Loondoorbetalingsverplichting werkgever

De kantonrechter stelt voorop dat een werkgever ook na het verstrijken van twee jaar gehouden kan zijn tot volledige doorbetaling van loon, indien een werknemer zich beschikbaar heeft gehouden voor het verrichten van passende arbeid en deze arbeid ten onrechte niet is aangeboden door de werkgever. In dit verband dient te worden onderzocht of Van der Weij deugdelijke gronden had om werknemer niet in staat te stellen tot het verrichten van passende arbeid (HR 17 januari 2003, ECLI:NL:HR:2003:AF0175).

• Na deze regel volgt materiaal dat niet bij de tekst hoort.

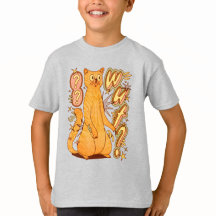 Wut ? / Illustration d'un chat orange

De kantonrechter oordeelt als volgt. Vast staat dat werknemer zich beschikbaar heeft gehouden voor het verrichten van passende arbeid. Van der Weij heeft deze arbeid ook aangeboden, maar niet steeds voor de overeengekomen 32 uur per week. De reden hiervoor is dat zij niet altijd voor 32 uur aangepast werk voorhanden heeft, omdat zulks mede afhankelijk is van de opdrachten die binnenkomen. Hier komt bij dat Van der Weij ook een andere werknemer in dienst heeft, die vanwege beperkingen lichter werk moet verrichten. De stelling van werknemer dat het werk eerst aan hem moet worden gegeven vanwege zijn hoge anciënniteit, wordt verworpen. Naar het oordeel van de kantonrechter stopt de verplichting tot het aanbieden van passende arbeid daar waar die arbeid niet beschikbaar is. Het aanbieden van passende arbeid aan een werknemer die na twee jaar arbeidsongeschiktheid niet langer zijn eigen werkzaamheden kan verrichten, kan niet ten koste gaan van de werkzaamheden van andere (niet-)arbeidsongeschikte werknemers. De conclusie is dat Van der Weij heeft voldaan aan haar verplichtingen te onderzoeken of passende arbeid voorhanden is en de uitkomst hiervan aan werknemer mee te delen. Dit brengt met zich dat zij niet meer loon aan werknemer hoeft te betalen dan het loon over de uren dat werknemer passende arbeid verricht. De vordering van werknemer wordt afgewezen.